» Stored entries
----------------------------------------

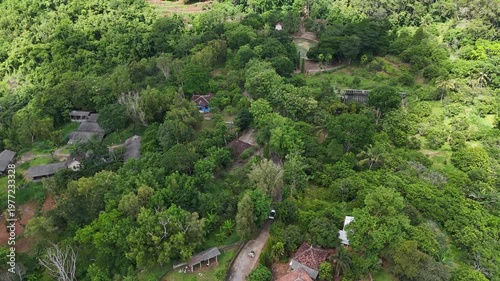 Aerial forest Yogyakarta villages
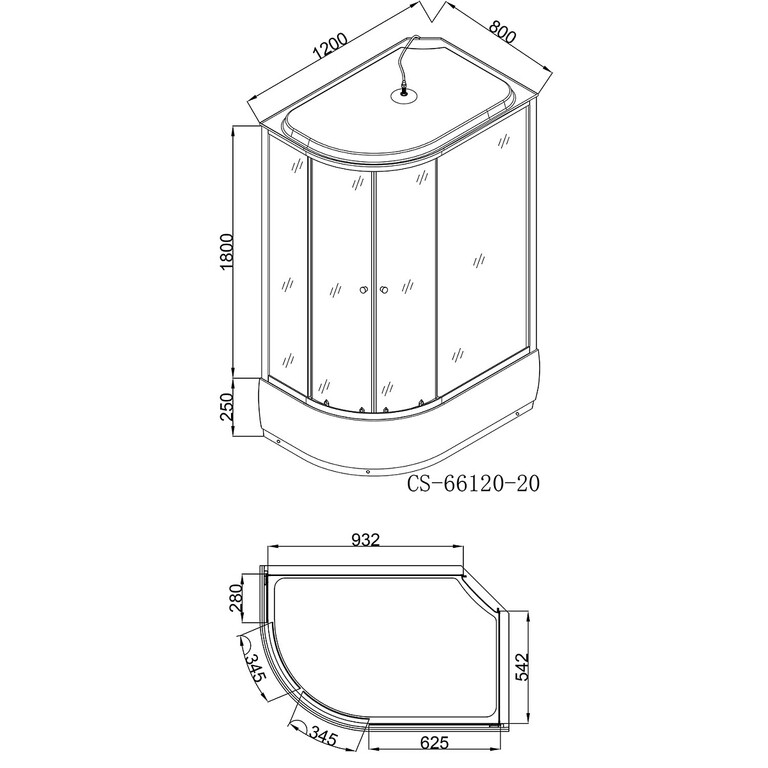 Душевая кабина Loranto CS-66120-20R F 120x80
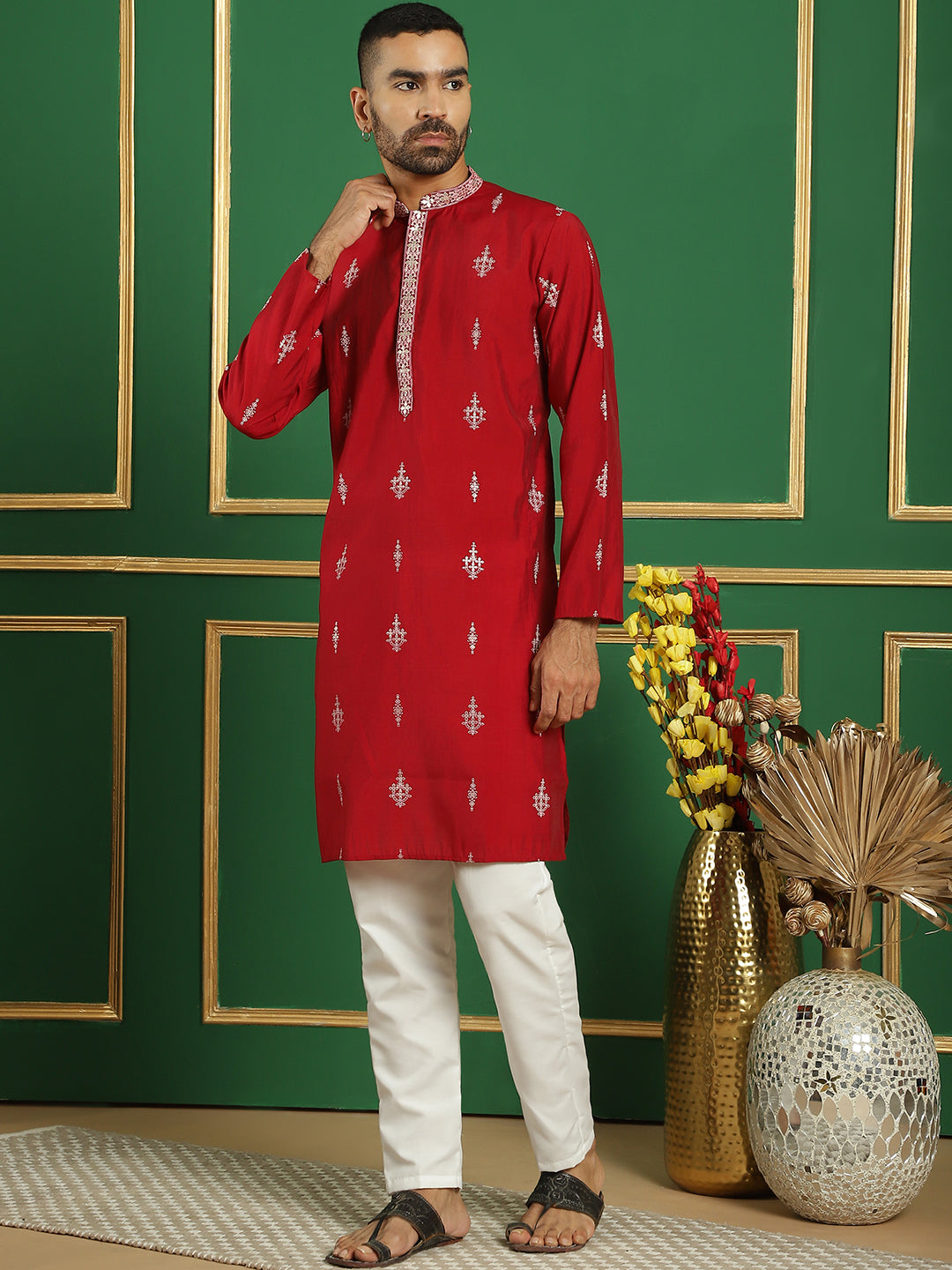 Men's Foil Printed Kurta with Pyjama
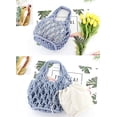 thumbnail image 4 of Kukuzhu New Straw Bag Cotton Thread Woven Bag Portable Net Bag Casual Bucket Handbag Summer Beach Purse for Women/Girls, 4 of 7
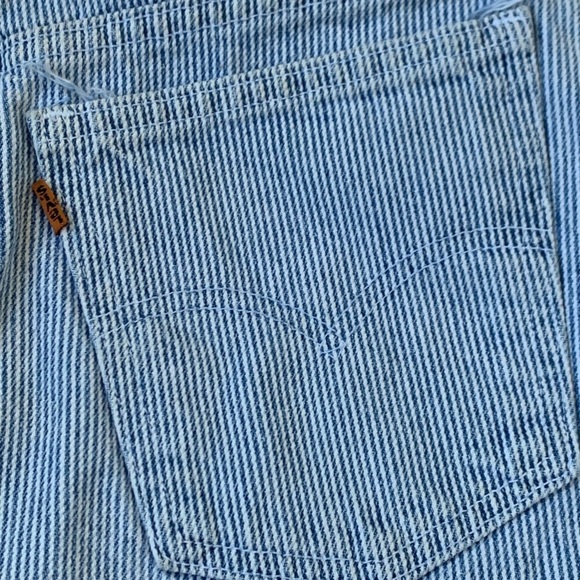 Vintage Orange Tab Levi's Denim Railroad Stripe Mini Skirt Size 9 Jr. - Picture 6 of 10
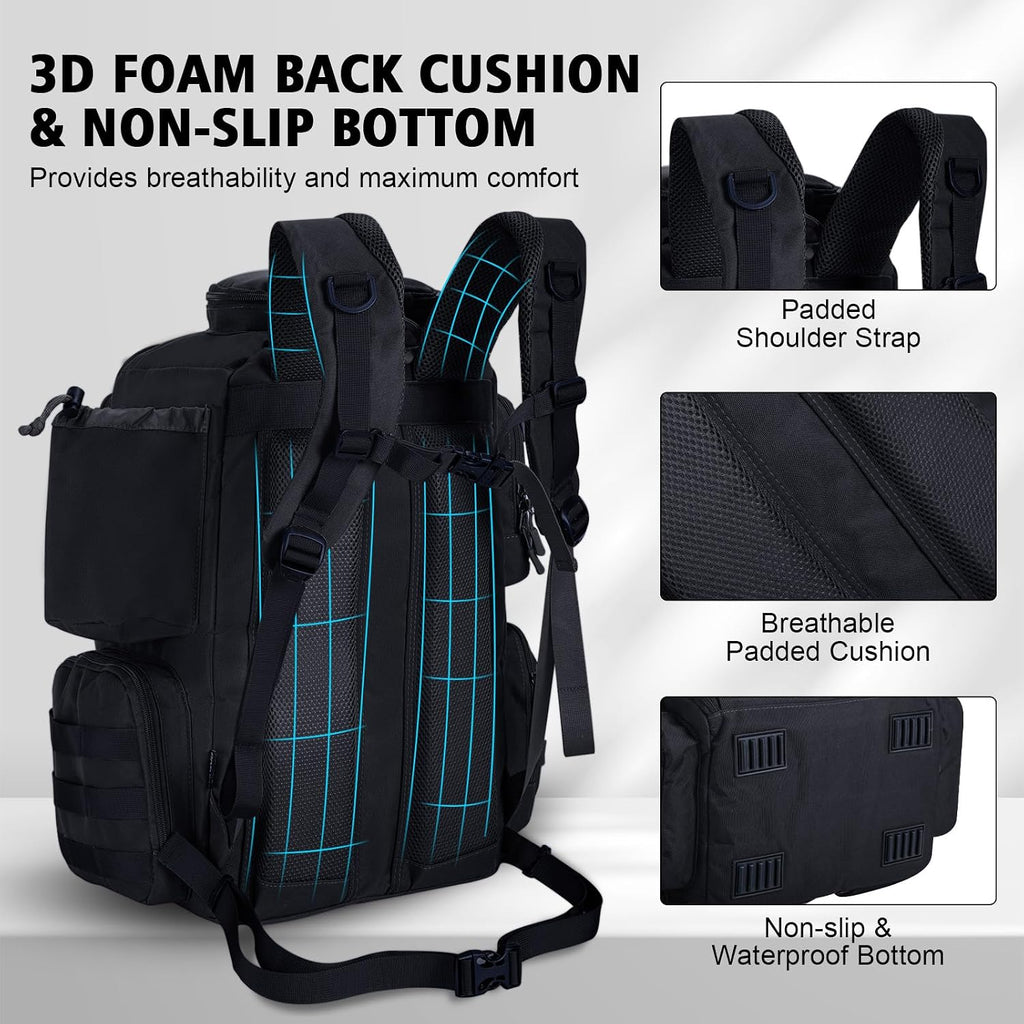 Goture Fishing Tackle Backpack with 4 3600 Tackle Boxes,2 Rod Holders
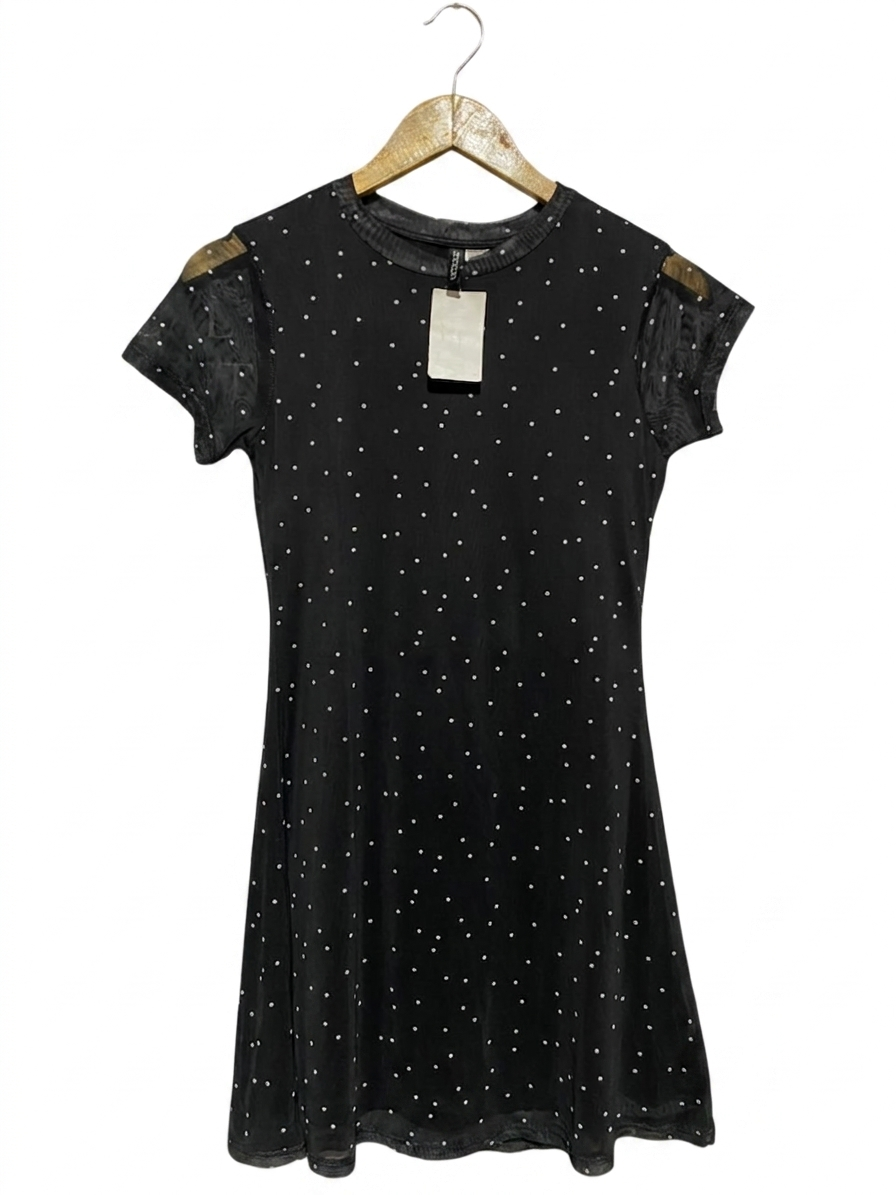 H&M |S| BUST 15| B13| BLACK POLKA DOT MESH MINI DRESS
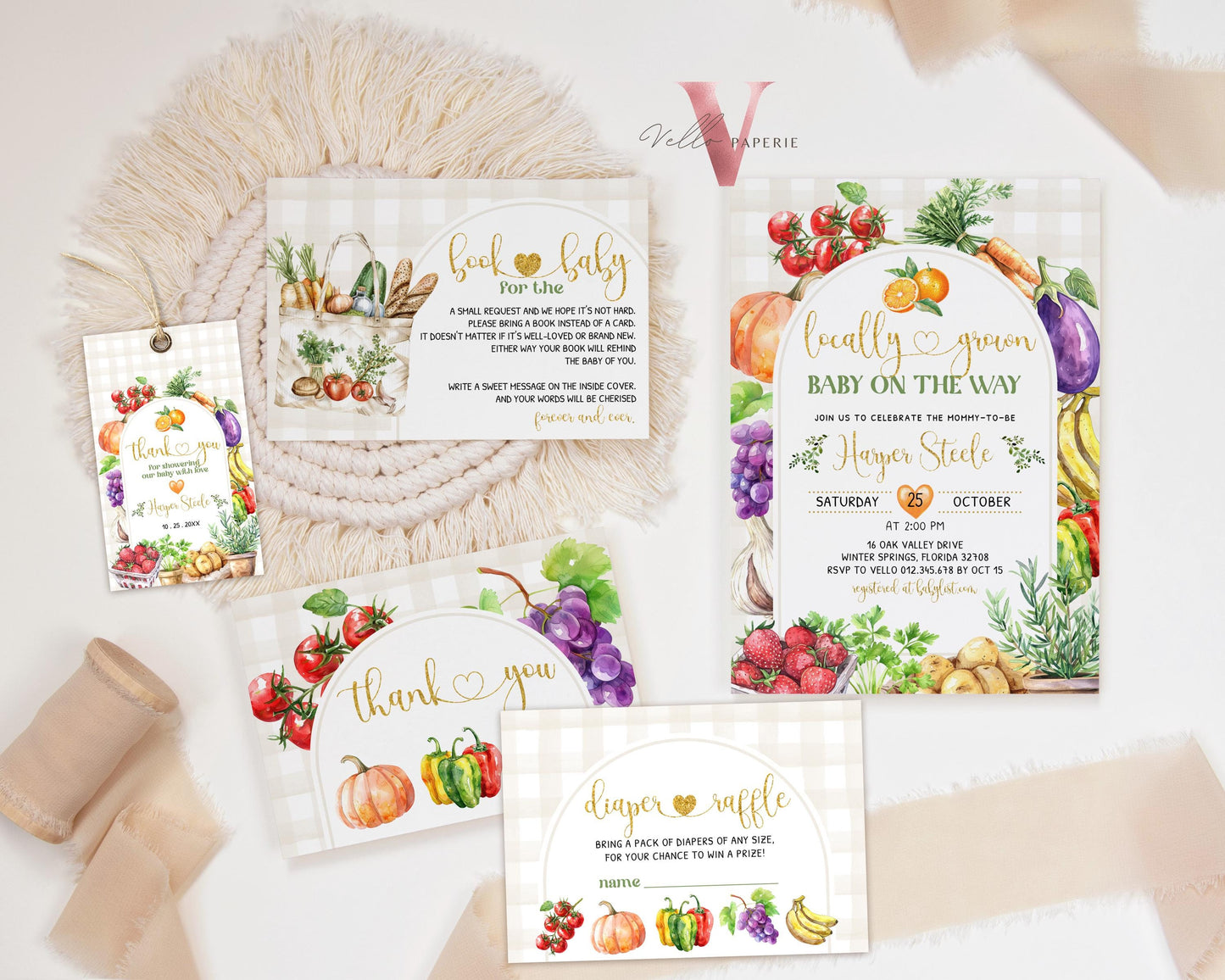 Books for Baby Diaper Raffle Bundle, Farmer's Market Baby Shower Invite | Locally Grown Baby Shower Invitation | Organic Baby Shower Instant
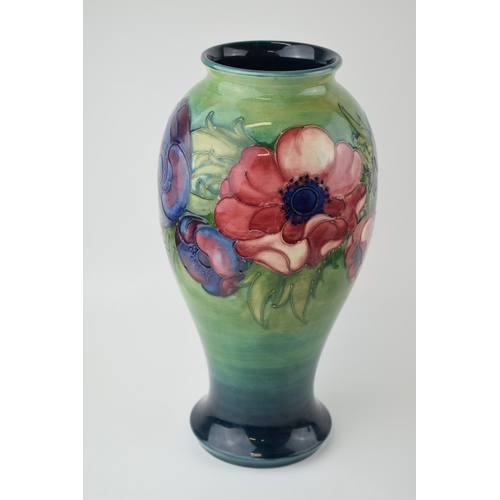 39 - Large Moorcroft Anemone vase, 30.5cm tall, high shouldered, signed to base.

----------------------------------------

» Directions
Reproduce exactly and only the lines from the one with "H&M |S| BUST" through the last entry, both included, excluding every picture.

» Answer space
 H&M |S| BUST 15| B13| BLACK POLKA DOT MESH MINI DRESS
 Books for Baby Diaper Raffle Bundle, Farmer's Market Baby Shower Invite | Locally Grown Baby Shower Invitation | Organic Baby Shower Instant
 39 - Large Moorcroft Anemone vase, 30.5cm tall, high shouldered, signed to base.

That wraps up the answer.